Host Engineering Forum

General Category => Do-more CPUs and Do-more Designer Software => Topic started by: Ingeniero on May 12, 2016, 02:59:00 AM

Title: XY Curve
Post by: Ingeniero on May 12, 2016, 02:59:00 AM
I dont see a XY curve function in Do-more. To make a curve with two breaks required 5 rungs and a little bit of thought.  :'( :P

Does do-more have a XY curve function.
Title: Re: XY Curve
Post by: franji1 on May 12, 2016, 06:30:47 AM
SCALE performs a simple linear scale given 2 points as the "line"

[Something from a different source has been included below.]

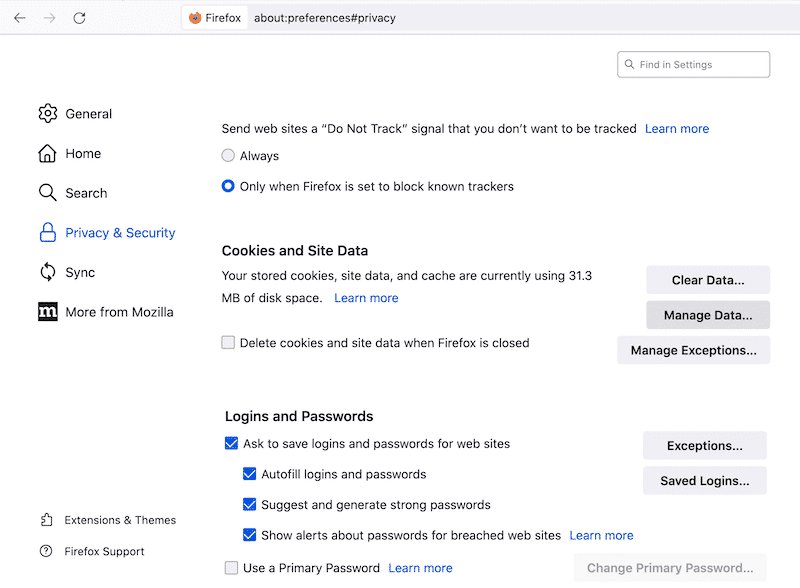 Privacy & Security section - Source: Firefox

LERP lets you emulate a curve with multiple points to describe a curve, using linear interpolation between the points.
Title: Re: XY Curve
Post by: Controls Guy on May 12, 2016, 12:03:25 PM
I dont see a XY curve function in Do-more. To make a curve with two breaks required 5 rungs and a little bit of thought.  :'( :P

Does do-more have a XY curve function.

Derive the equation and put it in a MATH box.
Title: Re: XY Curve
Post by: Ingeniero on May 12, 2016, 03:55:47 PM
""Derive the equation and put it in a MATH box.""

that is what I did,

There are two flat spots where I used the less than and great than.
Title: Re: XY Curve
Post by: Ingeniero on May 12, 2016, 03:57:25 PM
Quote
SCALE performs a simple linear scale given 2 points as the "line"

LERP lets you emulate a curve with multiple points to describe a curve, using linear interpolation between the points.

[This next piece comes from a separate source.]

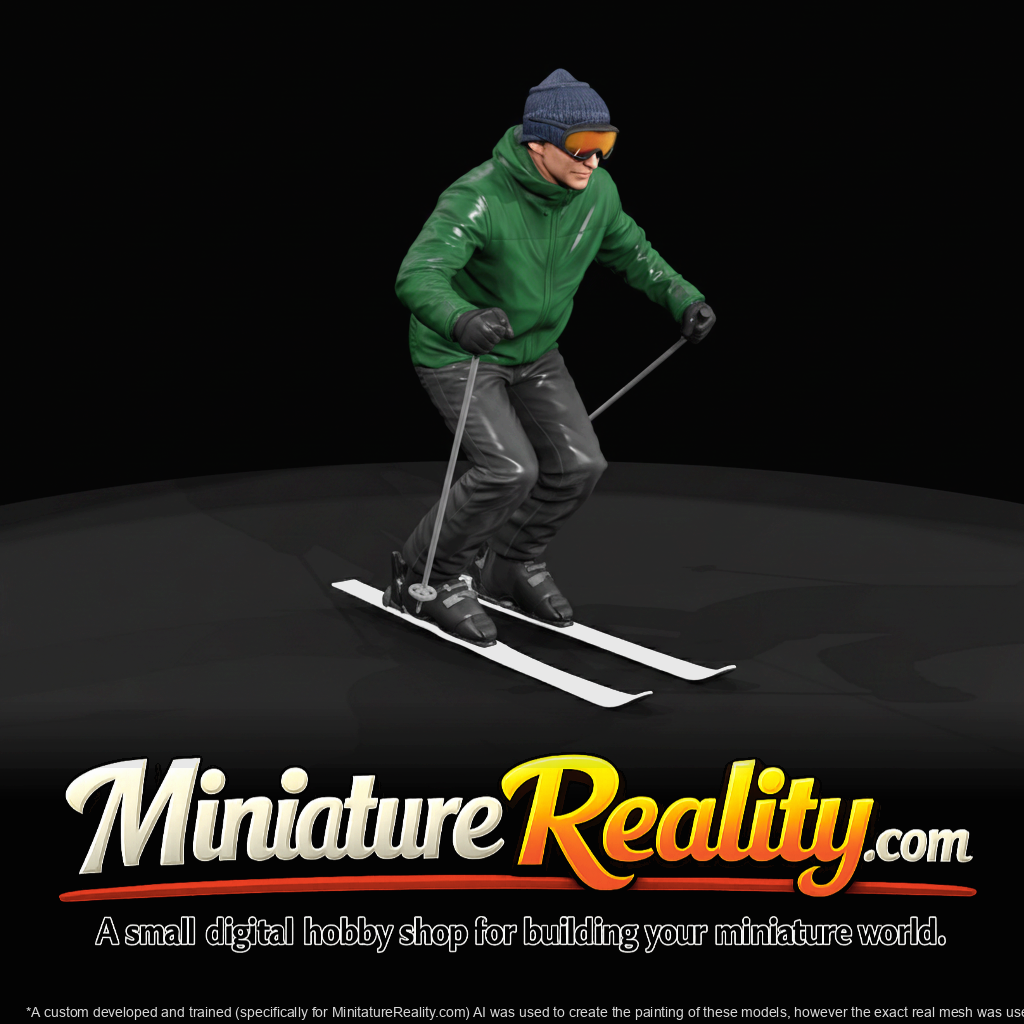 Winter Skier Figure (estimated) — Man Goind Downhill On Skis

I have to look into these.
Title: Re: XY Curve
Post by: Controls Guy on May 12, 2016, 03:57:29 PM
Glad you got it working!   :)
Title: Re: XY Curve
Post by: Ingeniero on May 12, 2016, 03:59:35 PM
the math function is cool, instead of using some bloatware function you have to think about what you are doing, takes a little longer but it is probably better code.
Title: Re: XY Curve
Post by: Controls Guy on May 12, 2016, 11:32:10 PM
I love them.  I have one 200+ rung program with about 200 MATH boxes.  I even do bulk booleans in them.   I have one box that replaced 32 rungs of traditional boolean ladder.  If Do-More had 64-bit registers (or 2D arrays addressable across either axis), I could replace 64 rungs or whatever, almost without limit.
Title: Re: XY Curve
Post by: plcnut on May 13, 2016, 07:12:56 AM
There are two flat spots where I used the less than and great than.
Check the IF() instruction inside your MATH box.

Code: [Select]
IF(D1>=10&&D1<=20,D!*3,IF(D1>=50$$D1<=60,D1*4,D1*5))
Title: Re: XY Curve
Post by: Mike Nash on May 13, 2016, 08:07:23 AM
There are two flat spots where I used the less than and great than.
Check the IF() instruction inside your MATH box.

Code: [Select]
IF(D1>=10&&D1<=20,D!*3,IF(D1>=50$$D1<=60,D1*4,D1*5))

You either have a typo, or you have found an undocumented usage of !.  ;)
Title: Re: XY Curve
Post by: BobO on May 13, 2016, 08:21:38 AM
Glad y'all like MATH, but LERP would work very well for this.
Title: Re: XY Curve
Post by: Mike Nash on May 13, 2016, 09:51:58 AM
There are two flat spots where I used the less than and great than.
Check the IF() instruction inside your MATH box.

Code: [Select]
IF(D1>=10&&D1<=20,D!*3,IF(D1>=50$$D1<=60,D1*4,D1*5))

You either have a typo, or you have found an undocumented usage of !.  ;)

Must have been niggling in the back of my brain because $$ ain't valid either.  ;D

Glad y'all like MATH, but LERP would work very well for this.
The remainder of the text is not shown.